## EXERCISE BRIEF
Your task is to gather the lines below that hold the string "شاشة".

[MATERIALS PROVIDED Boundary: Start]

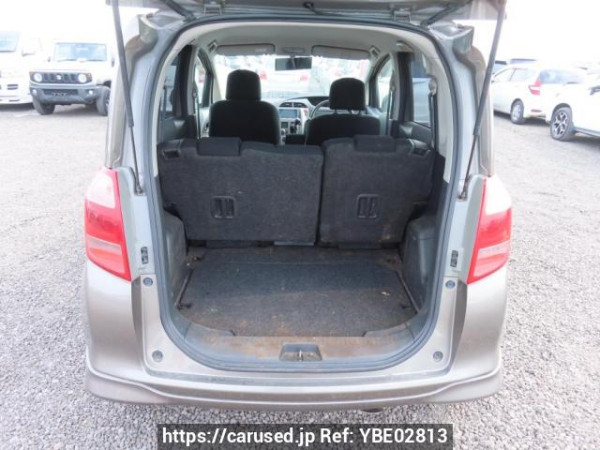 Used 2005 AT toyota ractis NCP100 Image[8]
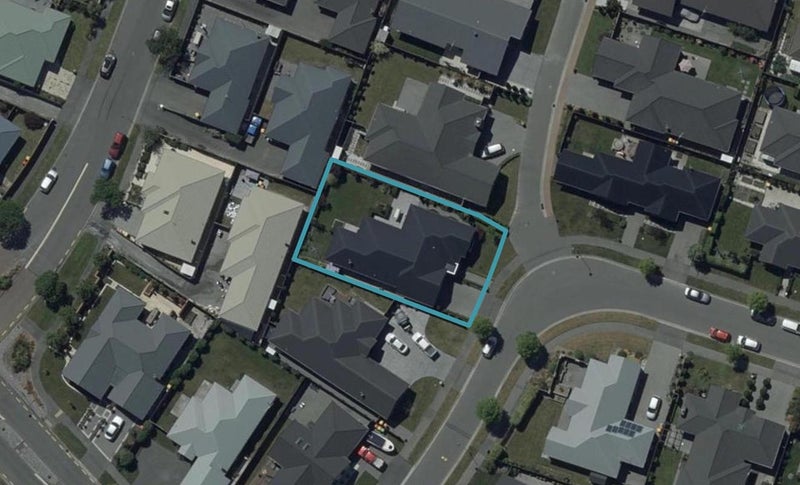 5 Handley Crescent, Wigram, Christchurch - Carousel 1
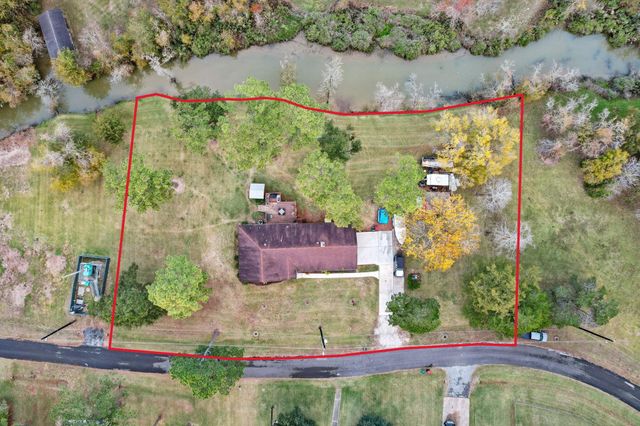 203 N Bayou Bend, Baytown, TX 77521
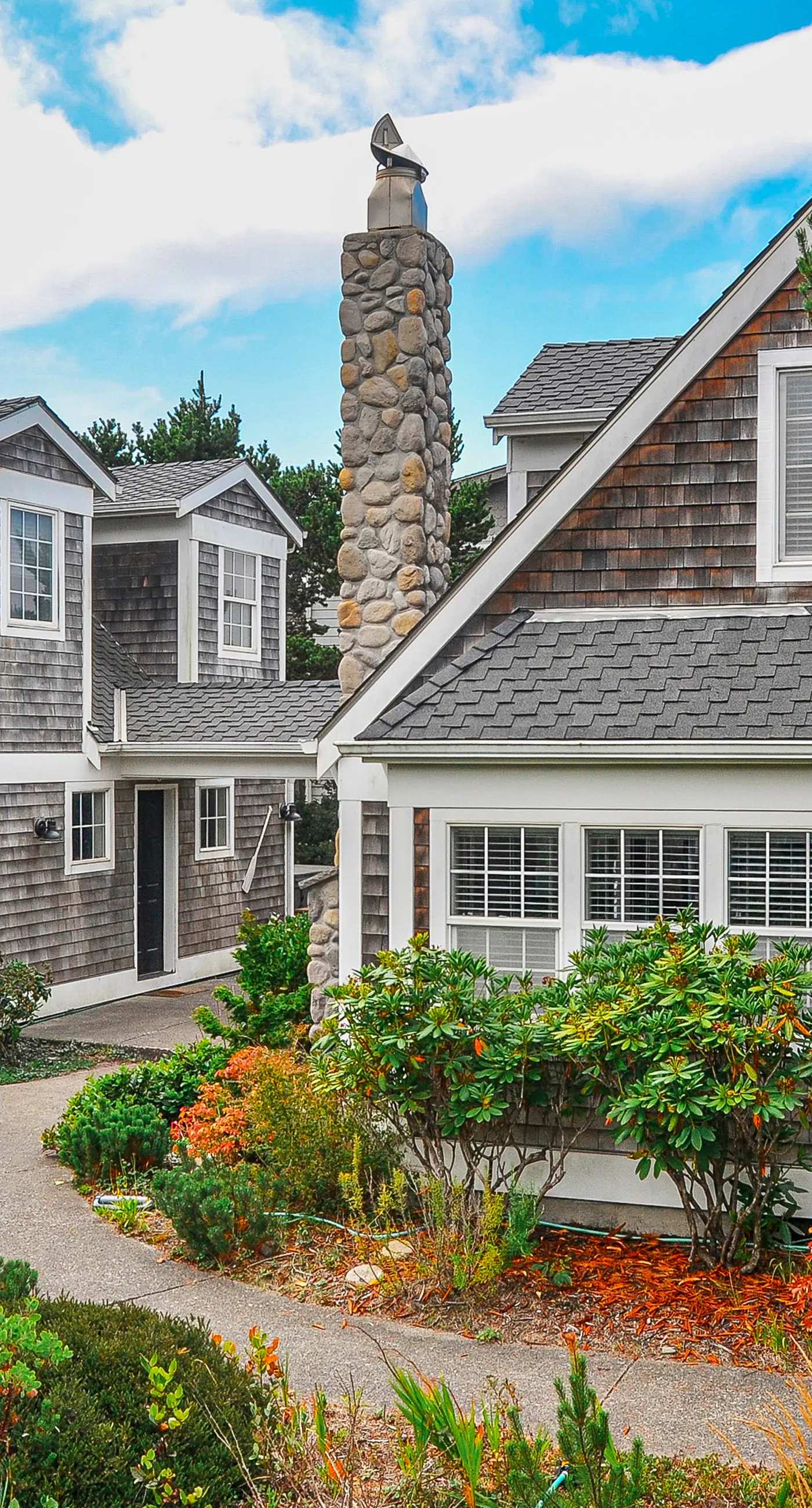 Nedonna Beach House 4 BD Rockaway Beach, OR Vacation Rental Vacasa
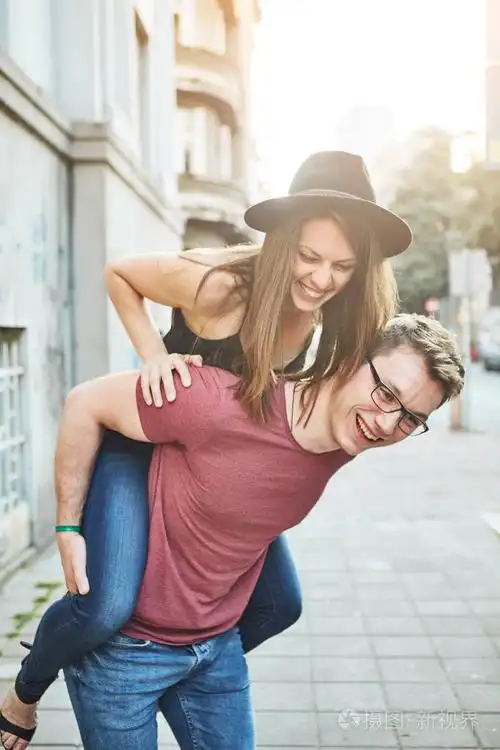 在他的背上背着女人的男人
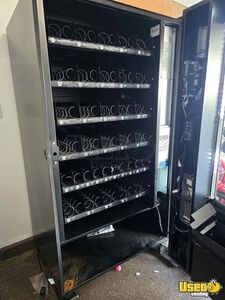 Seaga Snack Machine 2 California for Sale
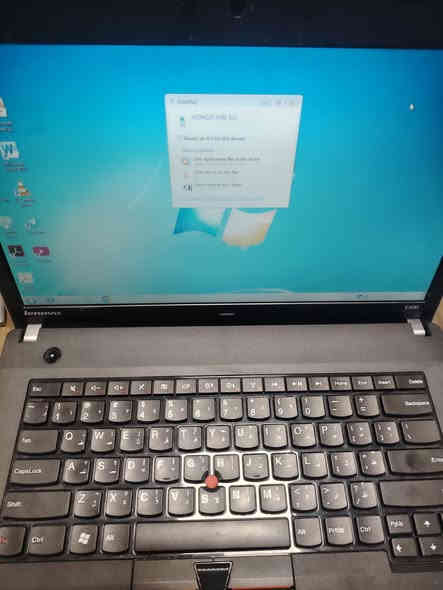 لابتوب لينوفو  المعالج Cor i5th مواصفاته بصوره
شاشة حجم 14  انج شاشه كبيره فول 
ملحقاته شاحنة اصليه فقط
هارد 256 ssd
رام 8
يحتوي منافذ  USB عدد3
منفذ اواكس + هيتفون 
منفذ hd للربط على شاشة خارجية 
منفذ LAN
منفذ كارتريدر 
نظافه جدا عاليه 100٪
مشغل  قرص CD
بطاريه ليثيوم 4 ساعات 
السعر 160 الف وبيه مجال 
الشراي يتصل ***********
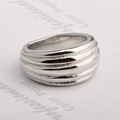 Elegante anillo de acero de titanio chapado en oro de 18K con diseño de textura roscada apilada - US 7 / Color Acero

[MATERIALS PROVIDED Boundary: End]

## EXERCISE ANSWER
شاشة حجم 14  انج شاشه كبيره فول 
منفذ hd للربط على شاشة خارجية 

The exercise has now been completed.